Bahçeli, OHAL’in süresinin 3 ay daha uzatılmasının yerinde bir karar olduğunu kaydederek şu ifadeleri kullandı: “Meclis’te grubu bulunan dört partinin katılımıyla KHK Komisyonu teşkili de makul ve isabetli bir karardır. Ancak OHAL, adalet çıtasını düşürmemeli, mağduriyetlere neden olmamalıdır. OHAL’in en başta, milletimizin ve ülkemizin güvenliği, beklenmeyen olaylara anında karşılık verilmesi amacıyla devreye alındığı unutulmamalıdır. OHAL, TBMM’nin yetki ve haklarını gasp etmek değildir, bu şekilde de yorumlanmamalıdır. Zira anayasal bir düzenlemedir ve hukuki bir temeli vardır. Sorumluluk mevkiinde bulunan herkesin, devlet adamı vasfı taşıyan her bir şahsın, şu günkü nazik ve kırılgan günlerde üslup ve diline hakim olması gerekmektedir. Yeni tartışmalarla milletimizi meşgul etmek, kafa karıştırıcı açıklama ve söylemlerde bulunmak fayda yerine zarar getirecektir. Dönem, hamaset nutuklarıyla göz boyama dönemi değildir. Ucuz ifadelerden, kurnaz ve gizli hesaplardan elbette uzak durulmalıdır. Türkiye türbülanstan çıkmış değildir. Maalesef ki, her gün şehit haberleri gelmektedir. Terör örgütü PKK, FETÖ’nün boşluğunu doldurmak, bıraktığı yerden devam etmek için çıldırmış gibi, kudurmuş gibi saldırmaktadır.”

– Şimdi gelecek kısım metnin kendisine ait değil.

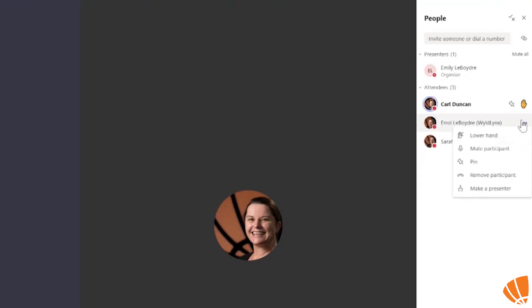If you are the presenter, you can put someone else's hands down once you have answered their questions. If you are not a presenter, so you are an attendee, you will not have this option to lower other people's hands.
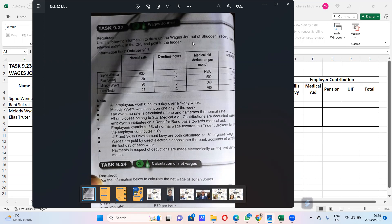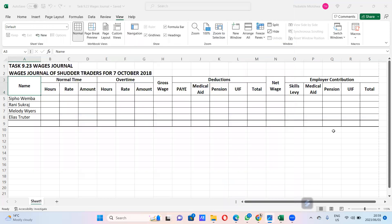We are going to use the following to draw up a wages journal — just the wages journal, not the CPJ. We are doing 7 October. The first thing to be careful about is that it's a weekly journal, so if they give you something per month, like medical aid deductions per month, you have to divide by four to get the weekly amount. There is a normal rate and an overtime rate; the normal rate is the basic wage, and normal plus overtime becomes the gross wage.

“UZMAN ÇAVUŞ HASAN YAŞAR, ASTSUBAY ÖMER HALİS DEMİR’DEN DAHA AZ DEĞERLİ DEĞİLDİR”
Bahçeli şehitlerin şükran, vefa ve minnete layık olduğunu söyleyerek “3 Eylül’de Hakkari Şemdinli kırsalında teröristlerle çıkan çatışmada şehit düşen ve sekiz yaşındaki kızı Ecrin’in hıçkırıklarla uğurladığı Uzman Çavuş Hasan Yaşar’ın 15 Temmuz darbe girişiminde Özel Kuvvetler’de korkusuzca direnerek şehit olan Astsubay Ömer Halis Demir’den hem manen hem de vicdanen daha az değerli değildir. İkisi de şehit, ikisi de vatan kahramanıdır. Ve tüm şehitlerimizi rahmetle anmak hepimizin boynunun borcudur. Çok uyanık ve dikkatli olmamız gereken günlerde olduğumuz aşikardır. Milletimizin sinir uçlarıyla oynamaktan, milli hatıra ve mirası tahribattan kaçınmak lazımdır. Özellikle tarihten husumet çıkarmak, geçmişi kutuplaşma alanına çekmek çok gereksiz, çok yersiz ve de çok tehlikelidir” dedi.
“ESKİ DEFTERLERİ ARALAYAN BİR İNSAN EĞER MÜFSİT DEĞİLSE, KESİNLİKLE MÜFLİSTİR”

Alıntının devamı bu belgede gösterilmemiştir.